None of this mattered; if anything, it only made the experience yet more unfathomably wondrous. The piece seemed to have no clear geographical foundation: we might call it ‘ethnically neutral’, yet the way Denyer harnessed sound didn’t so much suggest no place as all places, a universality that here and there glanced against familiarity within an altogether larger, unfamiliar context. Balancing this were two vitally important factors. First, The Fish that became the Sun was wonderfully gentle; not always calm, and certainly not always quiet, but conveying an inner momentum that was rooted less in urgency than something in between nonchalance and serenity (but neither of those things).
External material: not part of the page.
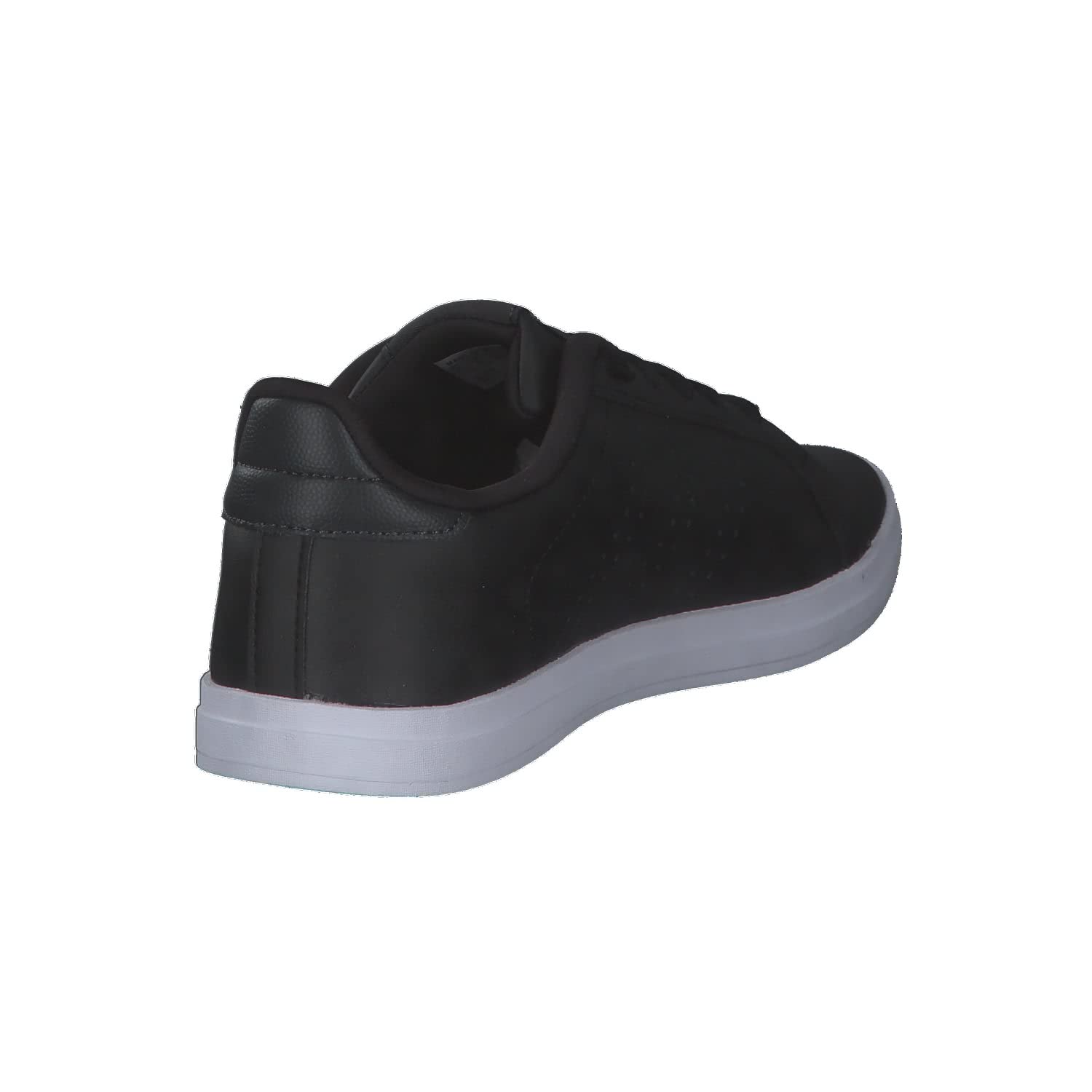 adidas Femme Base Courtpoint Chaussures de Tennis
As such, it avoided all signs of ostentation yet never became austere. Second, while i’ve mentioned its unfathomable aspect, the work eschewed any and all notions of pseudo-spirituality and allusions to quasi-mystical hokum; it was instead grounded, earthy, human, honest, real. It spoke to me, sometimes it sang; i’m still trying to get my head around the meaning and the import of its content, but what i know for sure is that this work somehow made me feel connected, not only to it but to those around me – the players, the audience and the wider world – and made me appreciate in a new way how music can act as a profound force for unity. i can’t remember the last time a composition like this left me feeling so hopeful and so happy.